The developer is funding the infrastructure (capital) and the resident and businesses are funding the ongoing maintenance and service costs (operational). There really is no cost to the state. If the requirement is to build schools, doctors surgeries, parks, open spaces and so on, then make it part of the overall strategic planning consent, without which the development as a whole cannot go ahead
Cardiff council have finally given formal permission for development of the 2 phase approach.
The document was attached on 4th July 2014, so assume that was the date it was granted.
For those interested it can be accessed:
1) Go to planning register: http://planning.cardiff.gov.uk/online-applications/
2) Search for: 13/00310/DCI
3) Click "Document" tab, and view the decision notice.
Hopefully this means things can start to move on.

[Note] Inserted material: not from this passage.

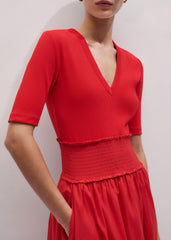 Red V-Neck Smocked Skirt Mixed Media Maxi Dress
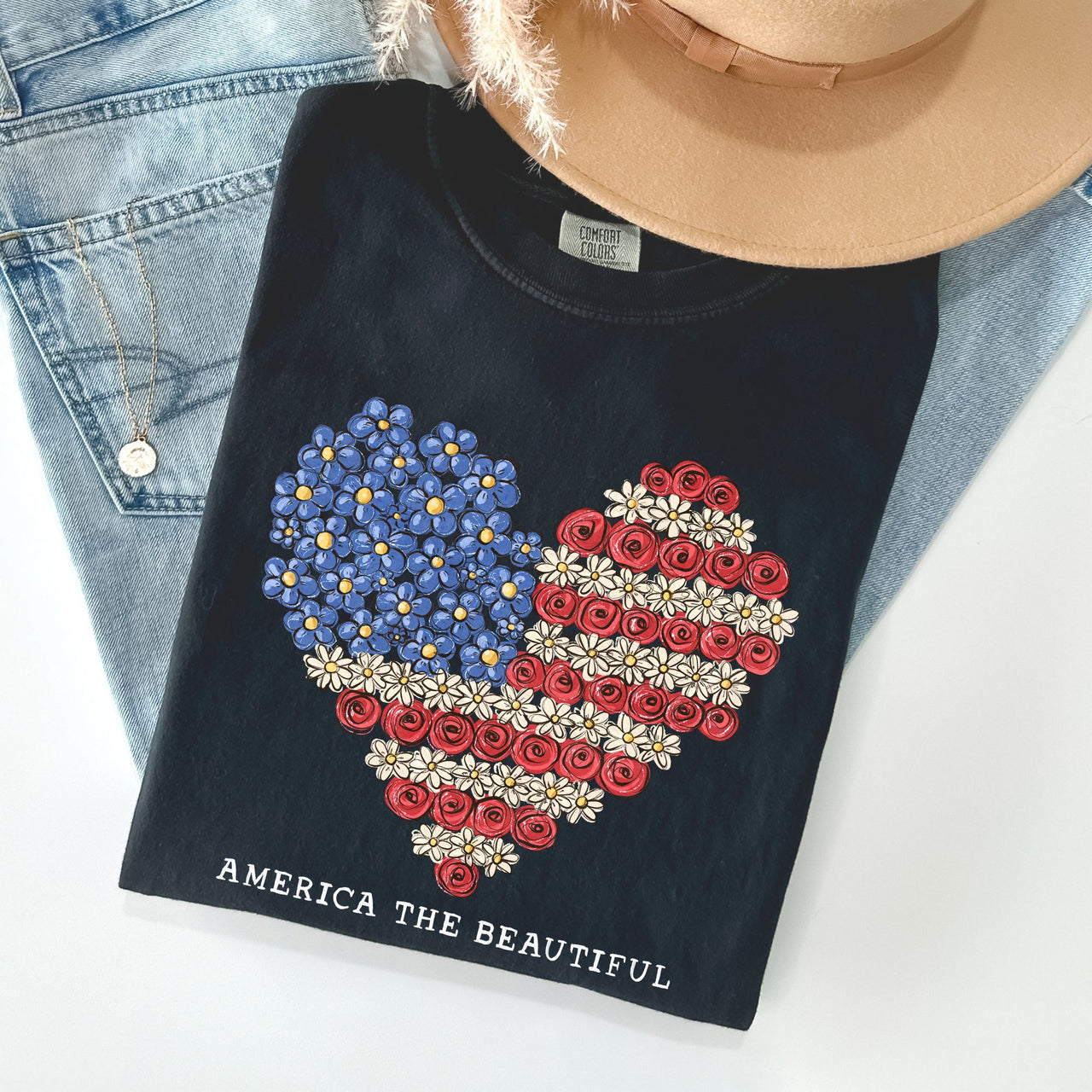 America The Beautiful Flowers Heart Flag Patriotic Floral Design Comfort Colors Tee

Maybe all the action from the other end of the sports village will kick this one up a gear.
Can Cardiff sustain to huge luxury hotel towers though? They would be an impressive sight to behold.
It says in the report not long after phase 1. Hopefully, they won't waste much time because the other tower is surely imminent too.
While there is clear movement on both sides of the ISV, I dont think either of the towers are imminent. My guess is they will be just about the last thing to be built on both sites. If either of them get built, with scaled down versions also a possibility.
As far as Bayscape is concerned I'd now just be happy to see construction begin on the apartments. I'm sure Christopher and his team genuinely intend to build the hotel tower at some point but that time has to be right for them and I guess their investors will want to see some money come in from the apartment sales first.
The one thing I'm curious about is the hotel operator. Are they still interested in the city ? If so are they prepared to hang around for this development or are they lookin at alternatives ?
Just to let you all know that there is nothing to report.